Advertisement

Footloose on the Busy Streets of Saigon

Share
TIMES STAFF WRITER

This was going to be fun! Up and down Le Duan Street, where the U.S. Embassy once stood, laughing teenagers in denim and silk were racing their motorbikes, eating ice cream and smiling and waving at the American strolling toward Notre Dame Cathedral.

Then I met my Dien Bien Phu. I could not cross the street. There was no traffic signal, no policeman and no order whatever. The sea of motorbikes never parted.

For the record:

12:00 a.m. March 17, 2002 For the Record
Los Angeles Times Sunday March 17, 2002 Home Edition Travel Part L Page 6 Travel Desk 1 inches; 29 words Type of Material: Correction
Vietnam post office-The name of the engineer who designed the Central Post Office in Ho Chi Minh City (Saigon) was misspelled in ‘Footloose on the Busy Streets of Saigon,’ March 10. His name is Gustave Eiffel.
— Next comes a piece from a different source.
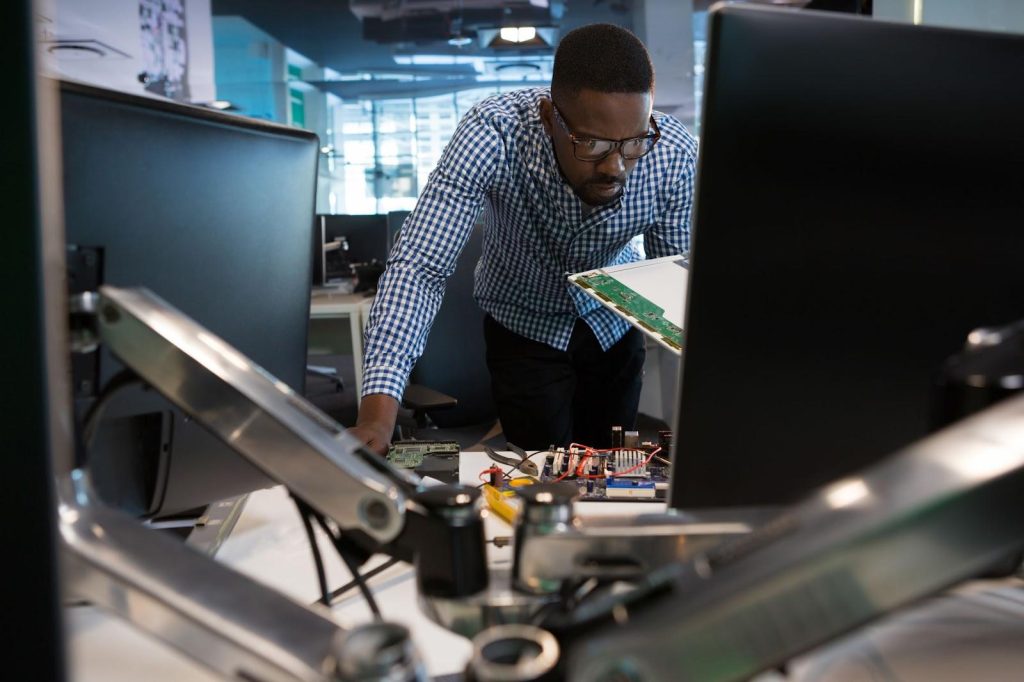 um homem negro de cabelo curto está vestindo roupas sociais claras e usando um óculos de grau enquanto permanece debruçado sobre uma mesa com diversos aparelhos eletrônicos e olha para um destes componentes enquanto segura-o em sua mão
“Ride, sir?” asked a cyclo, or pedicab, driver named Thien. “Yes,” I said.

I was in Ho Chi Minh City, by myself, after my wife and I had a disagreement about where to travel after the events of Sept. 11. She had said no way, nowhere--go by yourself. So I thought I would come to a land with which I had long been fascinated, a land of pagodas, Buddhist monks, prayer wheels and rice paddies. Thus, in January, I ended up in Vietnam.

Advertisement

The scene of the 20th century’s longest war is today an oasis of peace. Over eight days I found everything I was seeking: serene temples, jasmine and incense, straw conical hats, hushed children sitting cross-legged in the streets and painting in oils. I also found incredibly low prices.

With amazing ease, Thien pedaled me down Dong Khoi Street past art galleries and young women in orchid-and-white tunics selling roses. I knew Dong Khoi well--from novels and newsreels--though I was new here. It had been Tu Do Street during the Vietnam War and Rue Catinat under the French, who ruled here from 1859 until their rout by Gen. Ho Chi Minh at Dien Bien Phu in 1954.

Thien dropped me off at a French cafe called Brodard, charging me about $3.30. I asked an Englishman at the next table how he dealt with the traffic.

“Just step off the curb and walk right into it,” Nick said. “Don’t stop or slow down or speed up or make a run for it. You’ll get the rhythm of it. Just remind yourself: They’re only these bloody little bikes.”

Brodard resembled an ice cream parlor in a small Provencal town, with ceiling fans and sepia paintings on caramel-colored walls. It was comforting and soothing, and it gave me the strength to grapple with Ho Chi Minh City again.

I came to Nguyen Hue Boulevard, a broad thoroughfare designed by the French, and froze. There were motorbikes as far as my eyes could see. I remembered what Nick had told me, but I just could not get off the curb. Then a girl, maybe 6 years old, stepped out smartly beside me, and I walked in her shadow to the other side.

Advertisement

I ducked into the marble-floored lobby of the Rex Hotel. Here, during the Vietnam War, the U.S. military briefed correspondents on the battles of the day.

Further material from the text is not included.